> [WORK REQUIRED] Reproduce the listing exactly, with no pictures in your copy.

═════ SUPPLIED INFORMATION

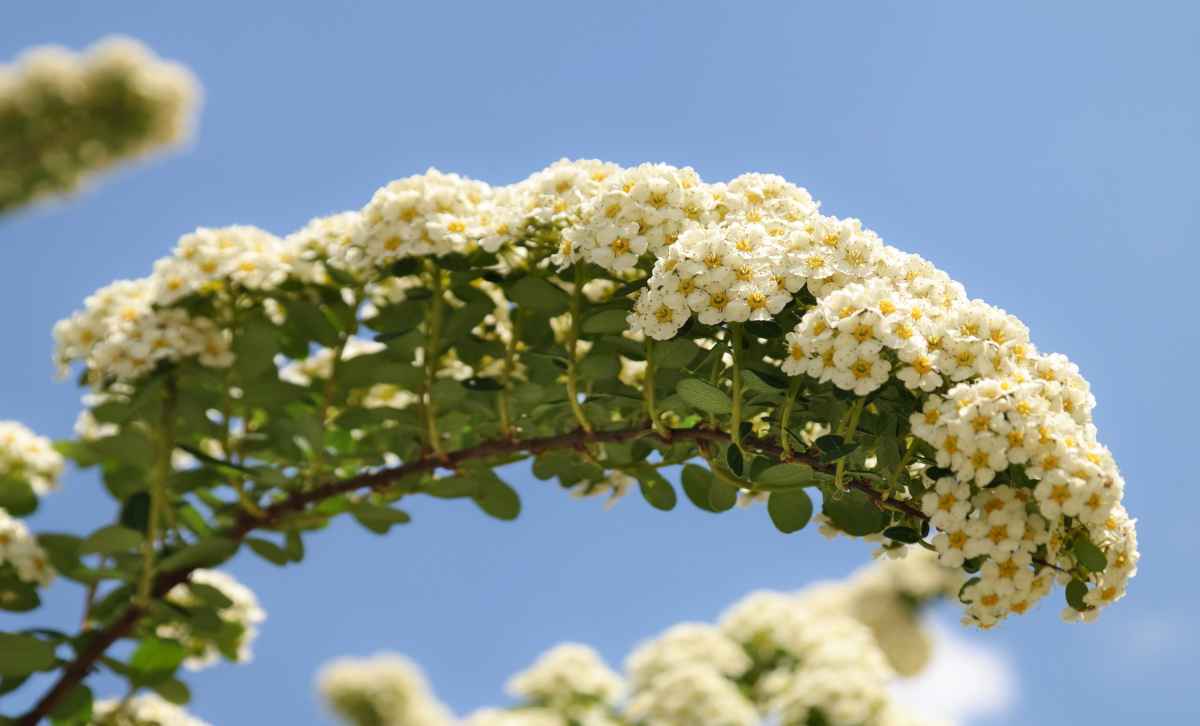 Meadowsweet is a bright-blooming early spring shrub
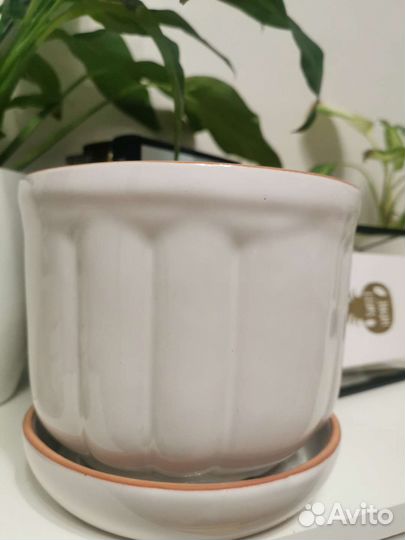 Новый Горшок/кашпо для цветов керамический 1.8л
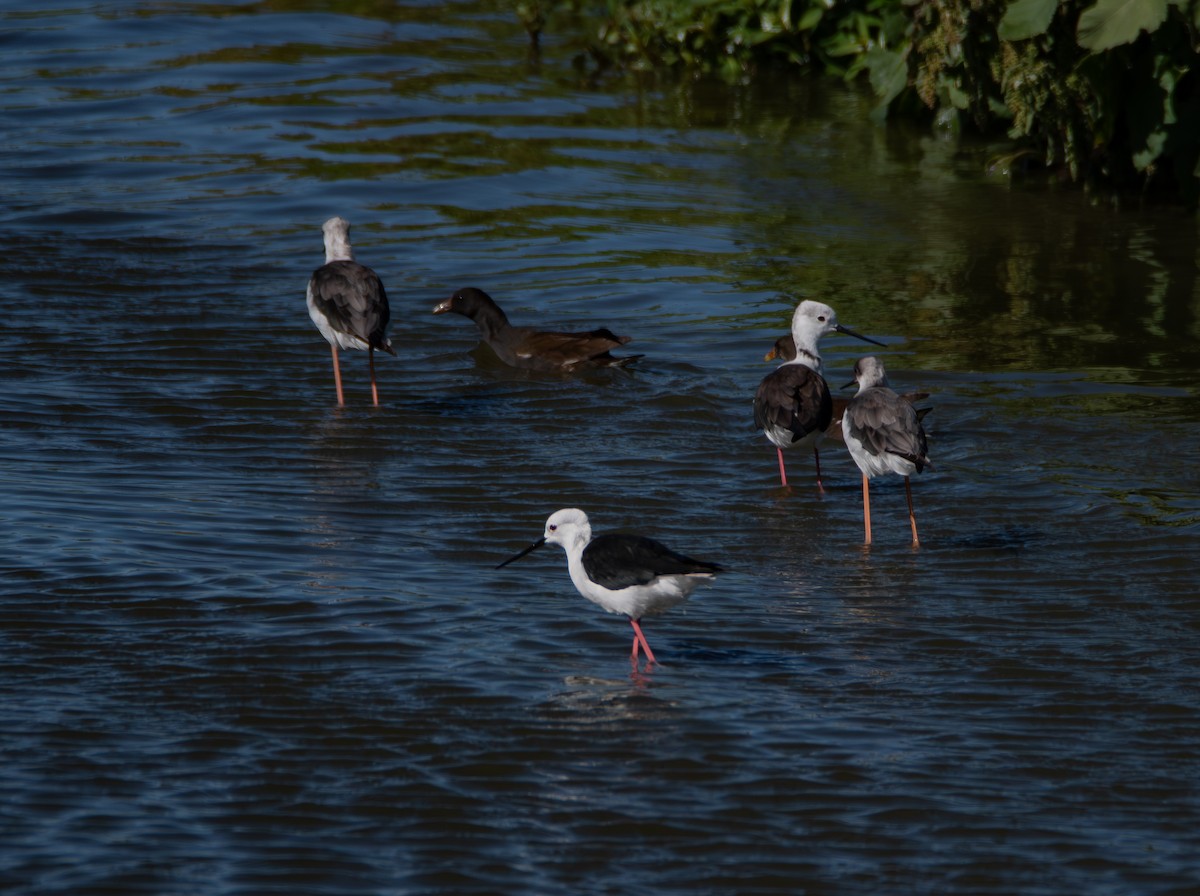 Black-winged Stilt - ML647493882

══════════

> [SOLUTION BELOW]
 Meadowsweet is a bright-blooming early spring shrub
 Новый Горшок/кашпо для цветов керамический 1.8л
 Black-winged Stilt - ML647493882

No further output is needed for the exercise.